Muscle size is a primary determinant of muscle strength among healthy individuals without a history of joint injury. It has been hypothesised that central nervous system alterations and thigh muscle atrophy work in concert to cause persistent quadriceps weakness in the involved limb following ACLR [8]. However, it is largely unclear to what degree muscle size is a determinant of this persistent weakness. So, it is important to identify wasting at an early stage of ACLR to prevent persistent weakness and periodically assess the quadriceps muscle thickness in individuals after ACLR. Saxena S et al., in his very recent study used USG to measure muscle girth after 12-14 weeks post-ACLR and showed a different progressive recovery of the muscle girth as 31% and 10% for supervised and unsupervised groups respectively [13]. Thus, muscle wasting if detected early postoperatively can help for supervised rehabilitation protocols for the patient.
This study brings to notice that despite aggressive rehabilitation protocols, quadriceps still gets wasted after ACLR since its wasting is not even checked periodically after surgery. Longer duration studies like this with larger sample size must be done in future to obtain a better understanding of pattern of quadriceps wasting after ACLR using standard protocols. This must be a routine to evaluate quadriceps during rehabilitation as this can help us modify or restructure existing protocols for early return of patient to routine activity. Also, acute wasting can be prevented to convert into chronic atrophy that becomes very difficult to recover. Early detection of muscle size can also help in starting early rehabilitation protocols by using various newer modalities like Blood Flow Restriction (BFR) therapy and drug therapy. BFR to the affected extremity during low intensity resistance training is hypothesised to significantly increase muscle size and thus help in recovery. The mechanism proposed for this is anaerobic respiration by the muscles can lead to their hypertrophy [20]. Drugs can also be used for muscle atrophy prevention if administered early and include ghrelin agonists, selective androgen receptor molecules, espindolol, and skeletal muscle troponin inhibitors [21].
Limitation(s)
There were certain limitations in present study. Possible explanations of persistent quadriceps atrophy in present study patients include significant preoperative atrophy. Authors did not measure preoperative muscle thickness in this study.
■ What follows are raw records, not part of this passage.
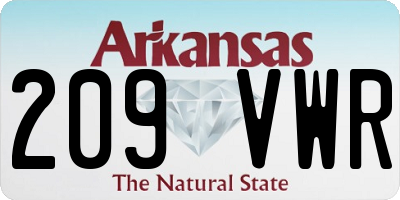 AR license plate 209VWR
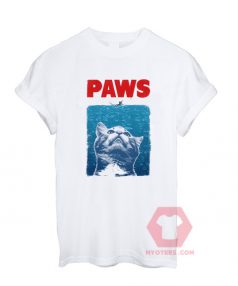 Best T shirt PAWS - Jaws Parody Unisex on Sale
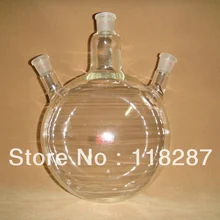 5000 мл(5л) круглодонная колба, 3 шеи, очень тяжелая стена, с 24/29 соединением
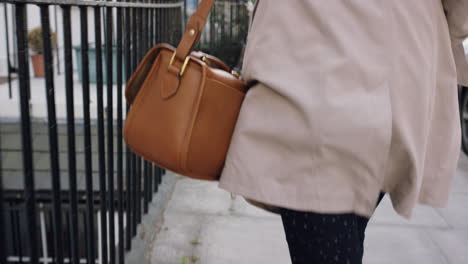 Hermosa-Mujer-India-Caminando-Por-La-Ciudad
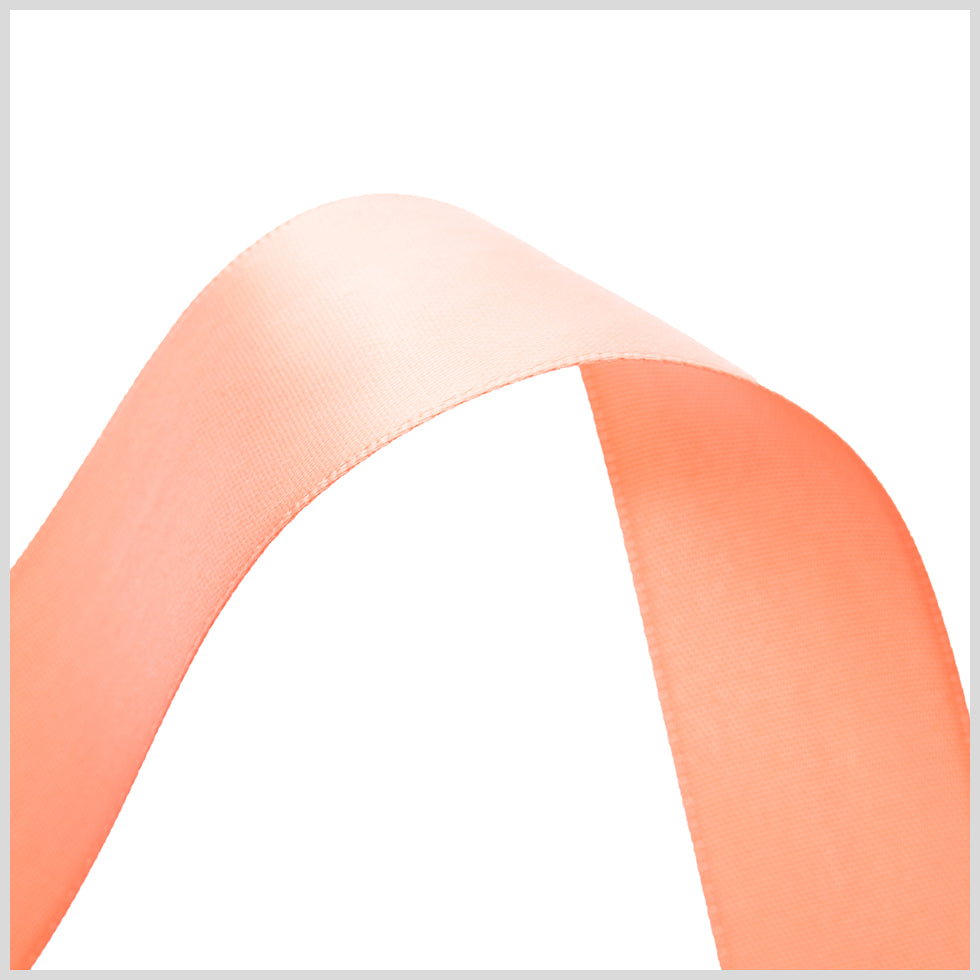 7/8" Peach Double Face Satin Ribbon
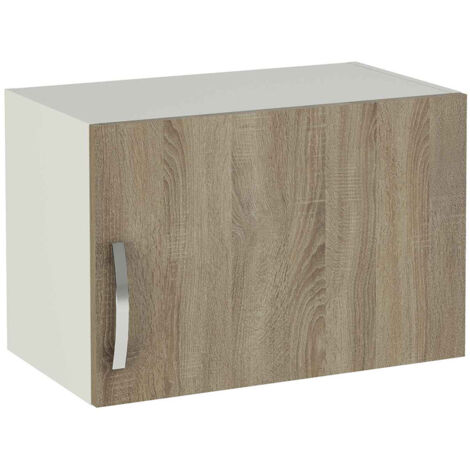 Meuble haut de cuisine 1 porte coloris chêne cortez - Hauteur 40 x Longueur 60 x profondeur 33 cm -PEGANE- (1/2)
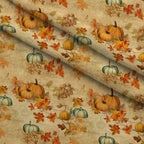 Autumn Harvest Reverie Pattern 6 Minky Fabric — plush minky folded close-up preview (mv-minky-v1:lying)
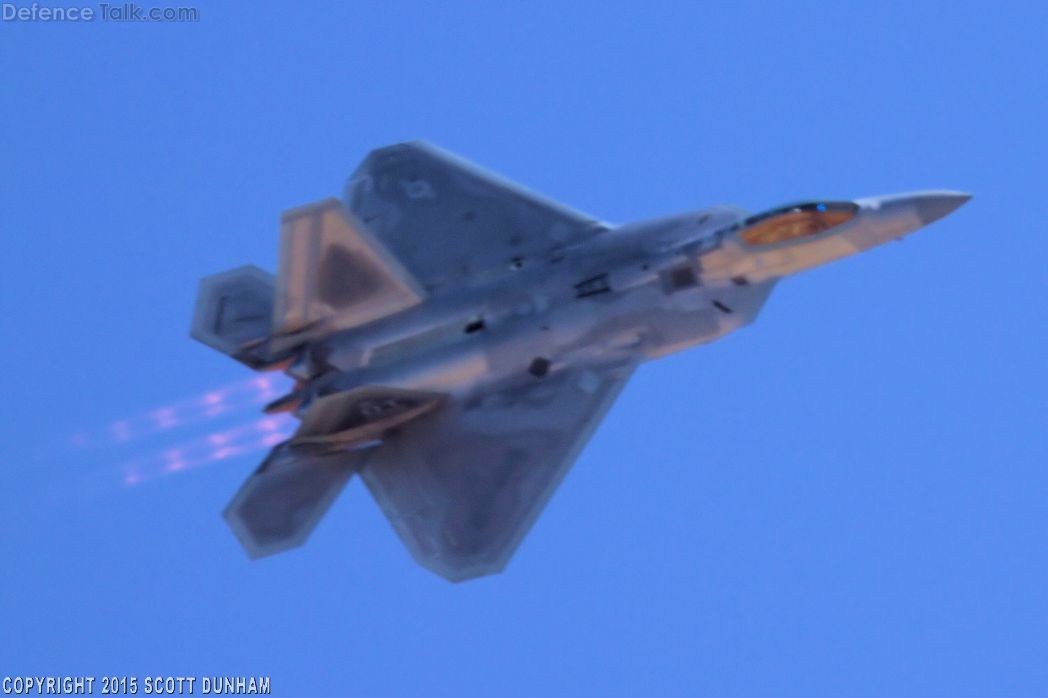 USAF F-22A Raptor Stealth Fighter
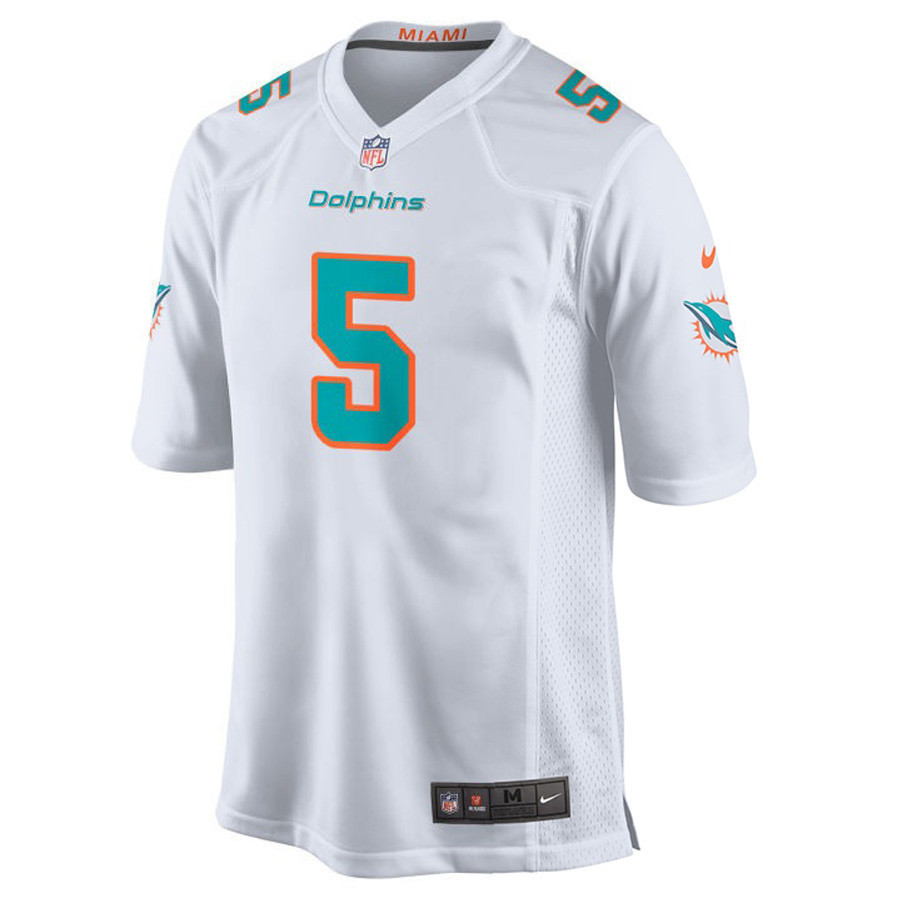 Miami Dolphins Teddy Bridgewater 5 Game Jersey - White Jersey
Also, authors did not include comparisons of healthy controls to better understand the differences between healthy quadriceps muscle morphology and that of patients with ACLR. This study suggests that inclusion of muscle size assessment in evaluating the clinical outcomes post ACLR would aid in developing a clearer understanding of the timing of quadriceps atrophy, influencing short and long term outcomes after ACLR.
Conclusion(s)
Quadriceps atrophy is found in widespread cases after ACLR even after standard rehabilitation protocols. Quadriceps wasting should be determined in postrehabilitation phase by USG, which is an easy available and accessible option as compared to MRI and CT scans. Selective rehabilitation protocols can further be established if wasting is identified early. This can prevent the conversion of acute wasting into chronic atrophy and should be a standard protocol after ACLR. Measurement of thigh circumference cannot be considered as a standard protocol for the same as it underestimates the atrophy and can be misleading.